Her admirers often think of McBurnie as a lone woman fighting for dance and fighting to establish and then maintain the Little Carib, but Raymond says she was part of a grander movement that included Williams and CLR James. McBurnie found herself in the cultural part of the independence movement.

“Independence was also about shedding a colonial culture and reclaiming a TT culture,” says Raymond. “In some respects, Beryl was so successful we take for granted how much she accomplished in a number of art forms, and in creating a national identity and pride in that identity.”

Before McBurnie, the folk dances she saved were considered backward and inappropriate for proper young ladies. Raymond says McBurnie changed that. “Middle-class girls went to ballet classes and were taught to play piano. Beryl made it her business to go in the villages and the valleys, watch these dances, learn them and perform them.”

Without McBurnie, Raymond says, there would have been no Best Village.

“The people who do dances now wouldn’t be doing them, because there wouldn’t have been any left. Decades before independence was even thought of, when everyone was brought up in an English tradition, she was one of the people, as I say in the book, that gave Trinidad back to itself by making it a place – and not just a part of the empire.
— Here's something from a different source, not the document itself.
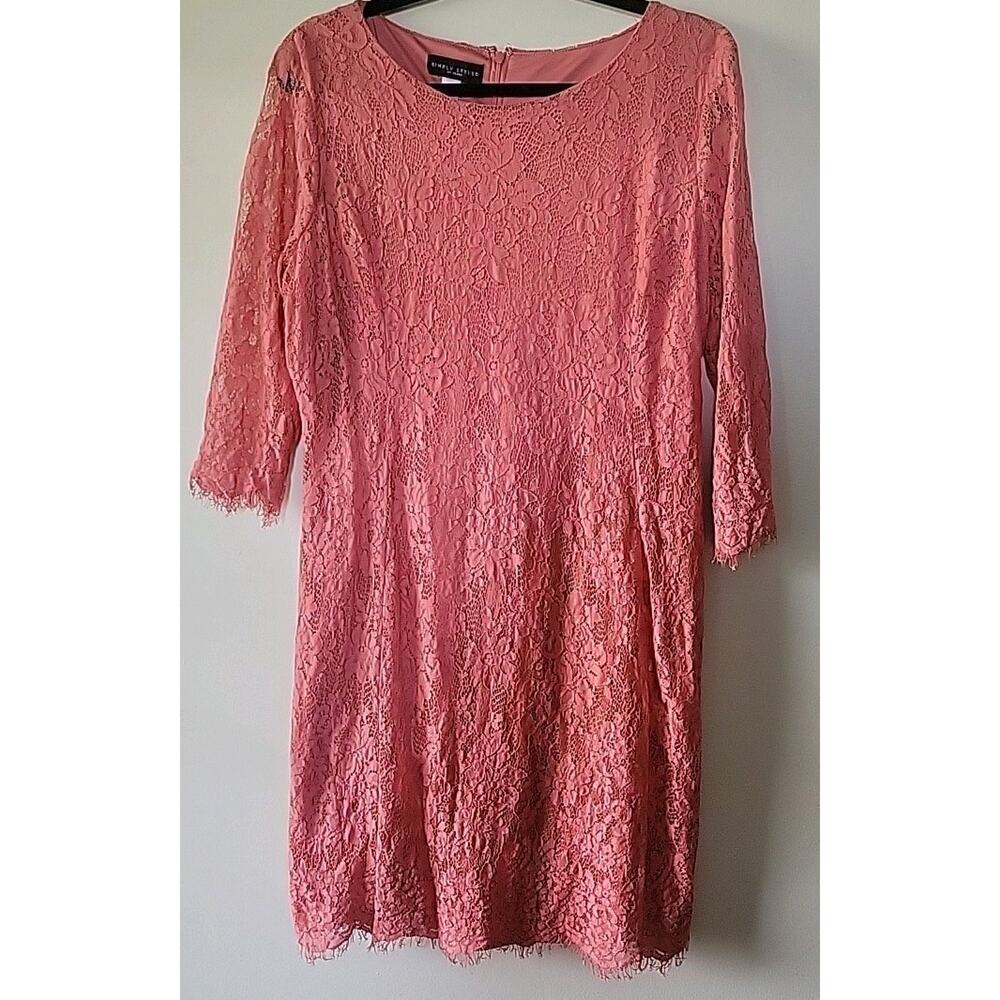 Simply Styled Women's Xl coral Lace Overlay Dress Knee Length Wedding Guest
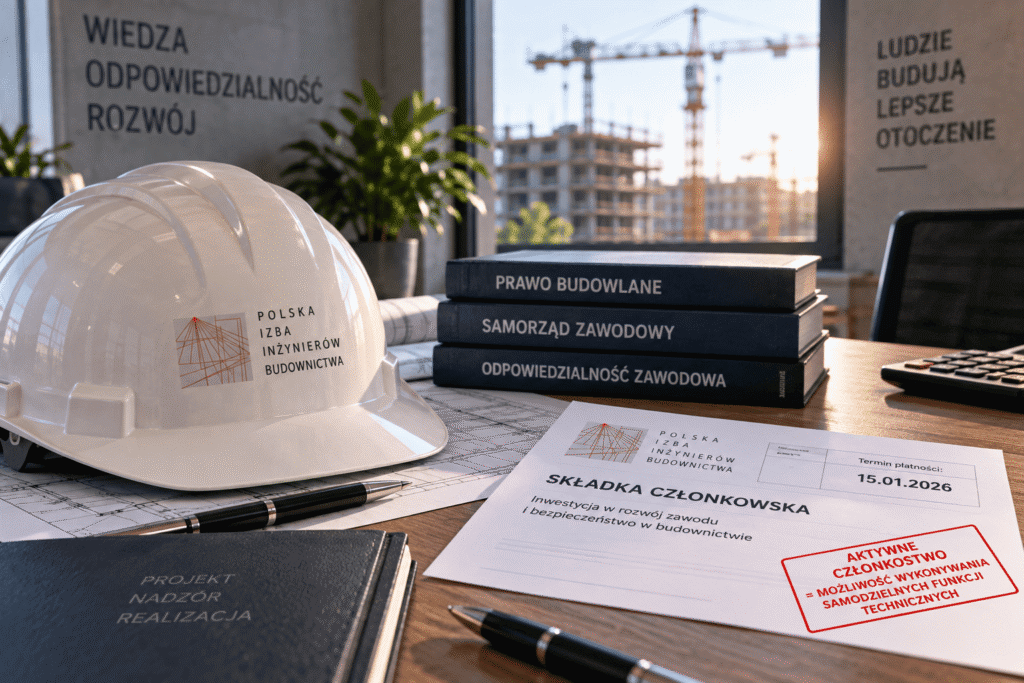 Składka członkowska nie jest jedynie regularną opłatą – status członkostwa w izbie ma bezpośrednie znaczenie dla możliwości wykonywania samodzielnych funkcji technicznych.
"The more you think about it, the more astonishing it is, that a middle-class red girl from Woodbrook single-handedly preserved African dance in Trinidad.”

Beryl McBurnie’s story is amazing and inspiring. It reflects TT’s cultural and political history in an exciting, fresh, new light, breathtaking in its scope; remarkable for its ability to fit into 97 pages thanks to Raymond’s crisp, journalistic style. For those who never had the privilege of capturing a glimpse of McBurnie gliding down the street in one of her dance costumes, as though the road were her stage, this is the chance to experience a vivid, beautifully written biography that will convince you of the power of dreams.

The biography Beryl McBurnie by Judy Raymond is available at Paper Based at the Normandie, St Ann's, and online.